A number of researchers, including the authors, perform wind-plant aerodynamics simulations by embedding a wind-turbine aerodynamics model (actuator disks or actuator lines) within a microscale atmospheric LES. There is growing need to be able to perform these wind-plant simulations under non-periodic, horizontally heterogeneous, mesoscale-forced situations. For example, there is a need to better understand how newly proposed wind-plant control systems behave during frontal passages. In performing forensic analysis of wind turbine failures, it is important to capture the mesoscale effect on the microscale winds. Mesoscale input will become essential to future wind plant power forecasting that may rely on microscale wind-plant simulations.

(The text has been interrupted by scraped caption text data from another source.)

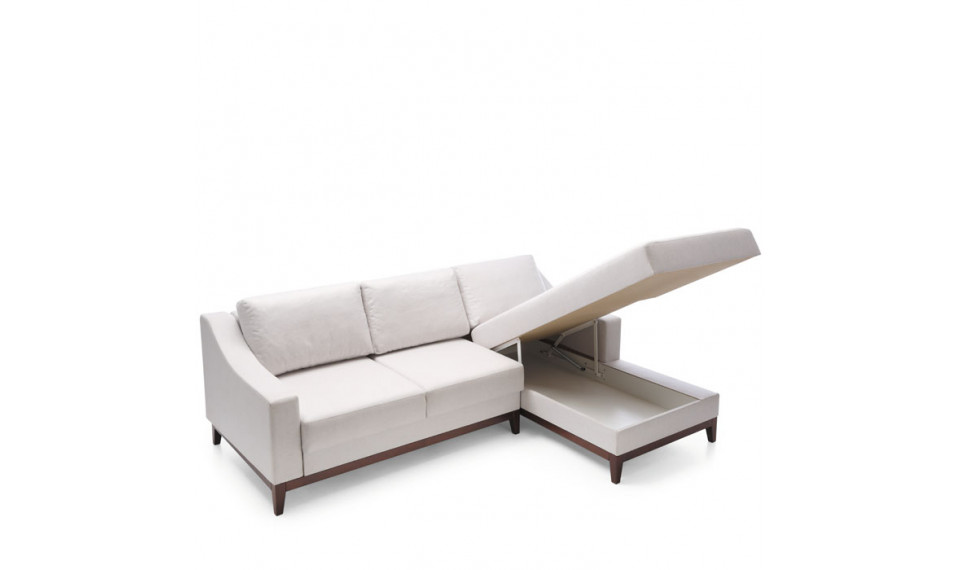 VIA VI-corner sofa bed, A cat | VIA | ZIPhome.ee kuva 2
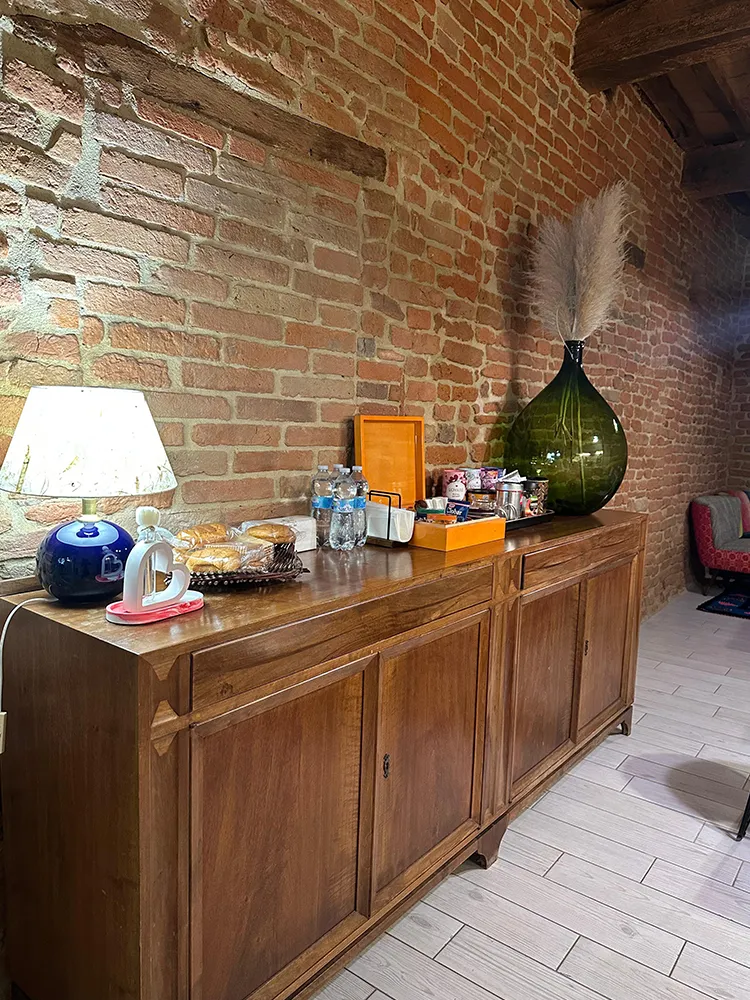 soggiorno città della pieve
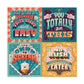 Life Lessons 500 Piece Jigsaw Puzzle Fred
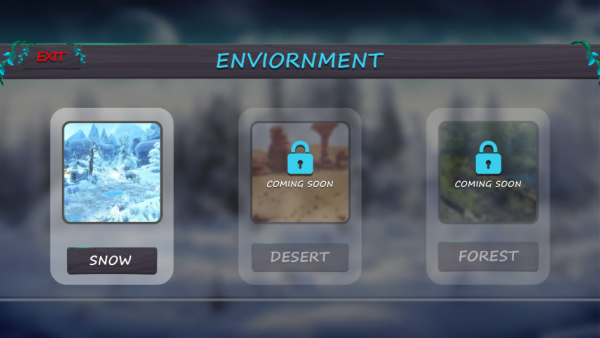 野生白虎家庭模拟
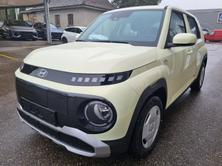 HYUNDAI Inster 42kWh Origo, Elektro, Neuwagen, Automatik - 3
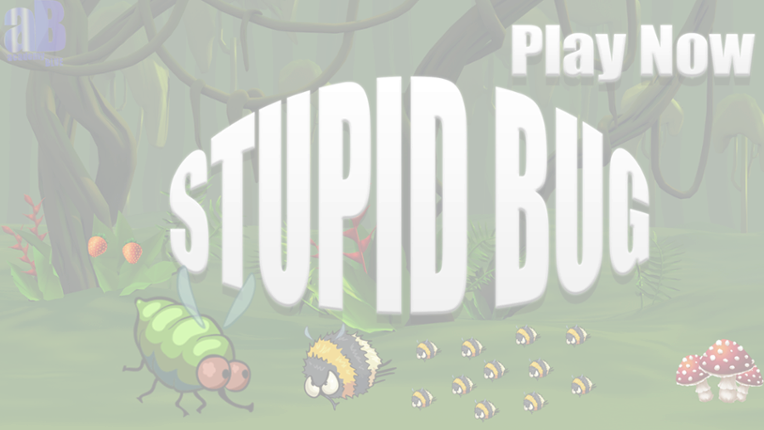 Stupid Bug Game Cover
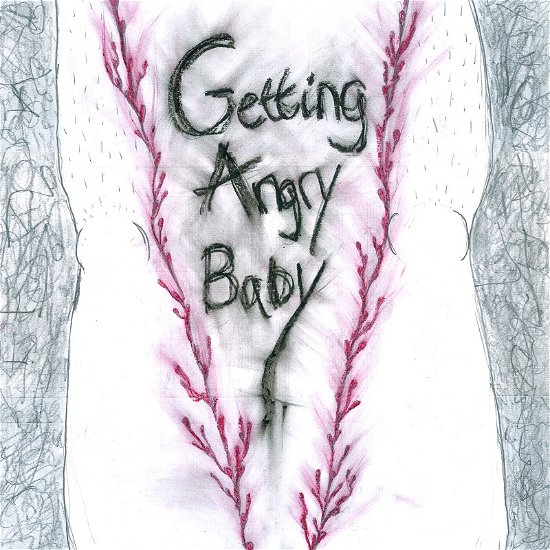 Getting Angry, Baby - Selma Judith - Musik - SONY MUSIC - 0194399174616 - November 26, 2021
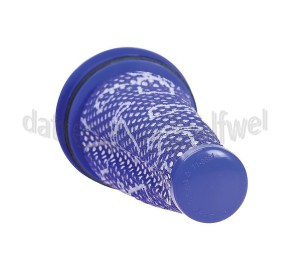 Foto van Dyson Filter Pre-filter, cartridge DC51 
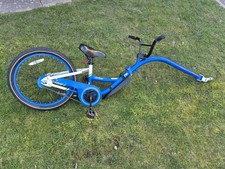 WeeRide Tagalong Bike – Great Condition(2 Months Use) – Save vs £218 Retail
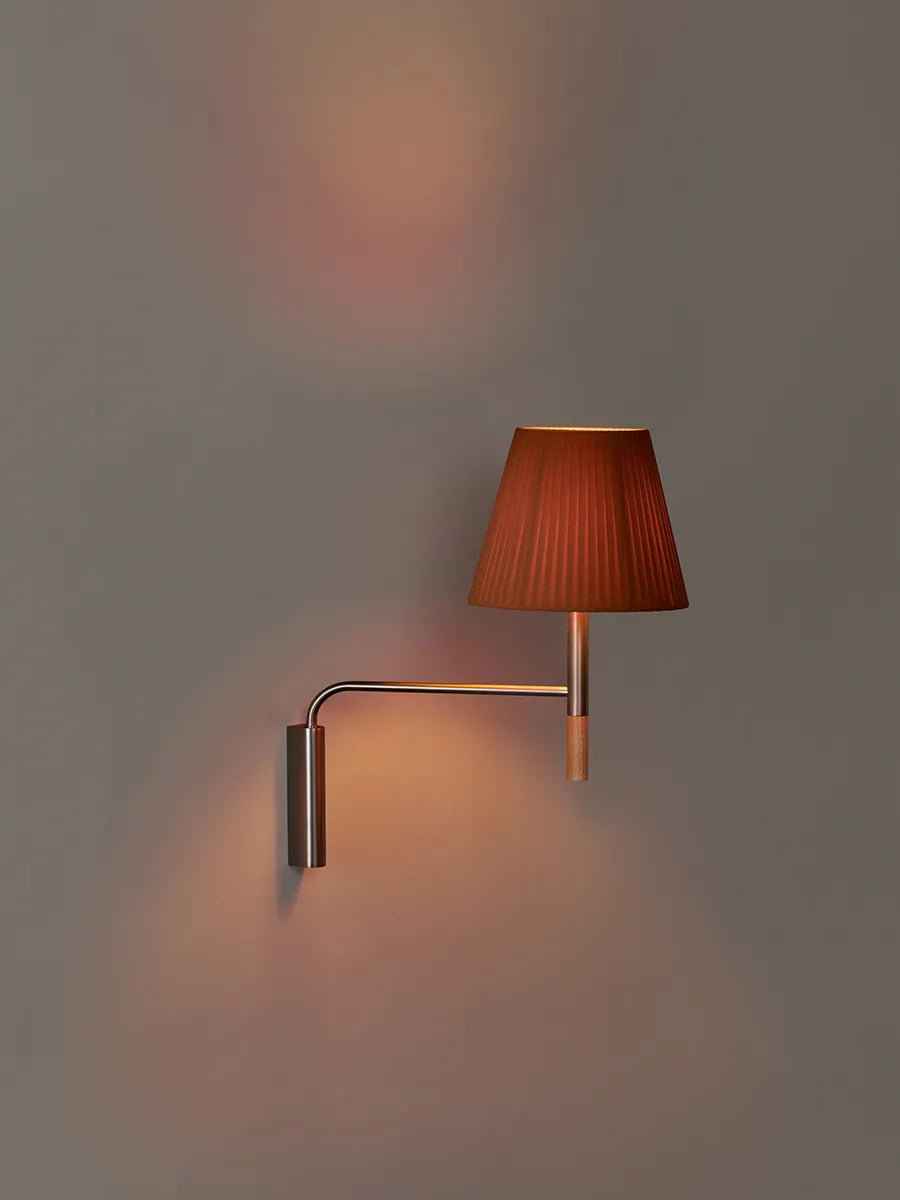 BC3 Wandleuchte von Santa and Cole - 24 - Jacobsen Plus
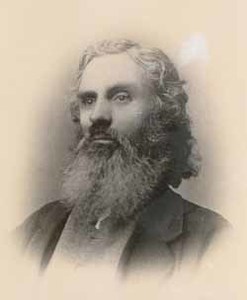 Loring Moody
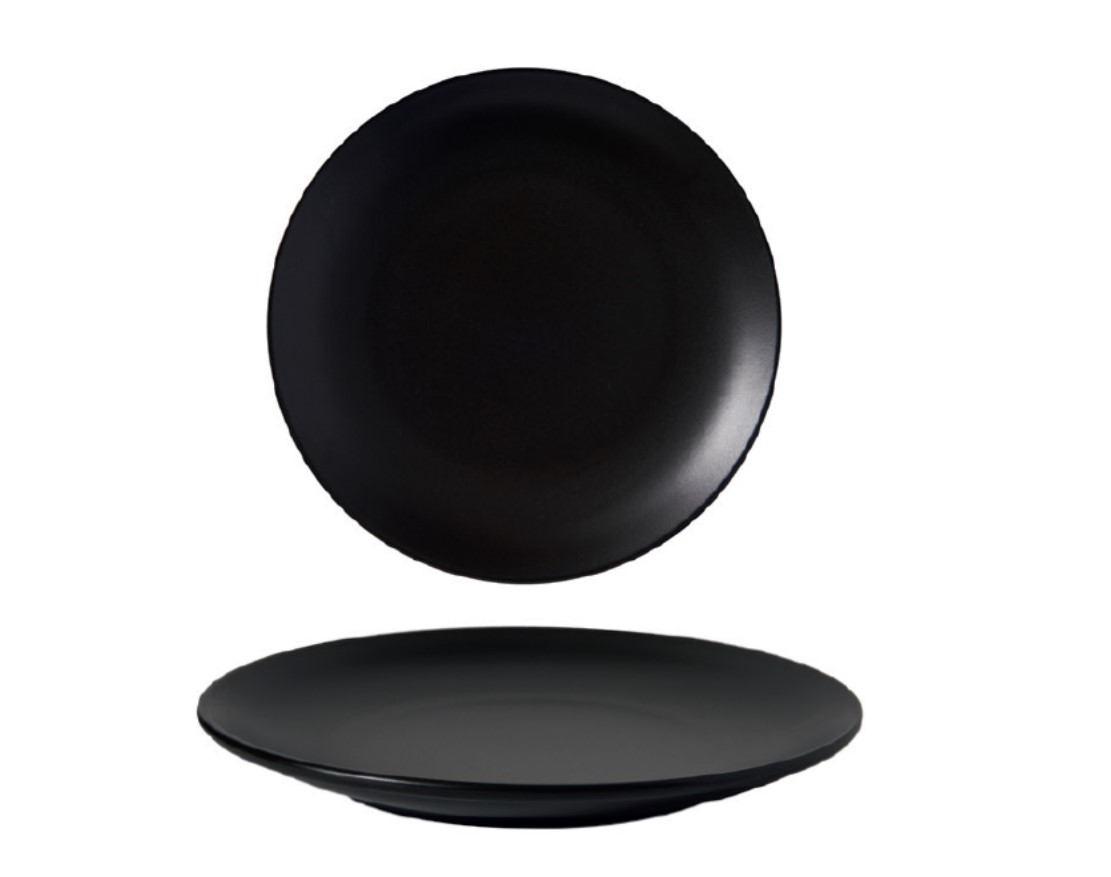 Güral Porselen GBS Enternasyonel Otel 27 cm Düz Tabak Bodrum ( GBSEO27DU141 ) Güral Porselen GBS Enternasyonel Otel 27 cm Düz Tabak Bodrum ( GBSEO27DU141 )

A method for performing non-periodic, mesoscale-driven wind-plant microscale LES is to use time and space-varying mesoscale information as the inflow boundary conditions to the wind plant LES. Because the smaller-scale turbulence in the mesoscale simulation is modeled and not resolved, these inflow boundary data do not contain resolved turbulence. On the other hand, the microscale simulation is turbulence resolving. The inflow data, therefore, must be perturbed in some way so that resolved turbulence forms as quickly as possible within the microscale domain and comes to equilibrium within a minimum distance. Without perturbation, this process can take tens of kilometers.

In this work, we compare various inflow perturbation strategies. Specifically, we will compare the performance of methods that perturb the inflow temperature field, the inflow velocity field, or that superimpose synthetic turbulence onto the mesoscale inflow. We will assess how quickly each of these methods form equilibrium turbulence under a few different atmospheric stability conditions.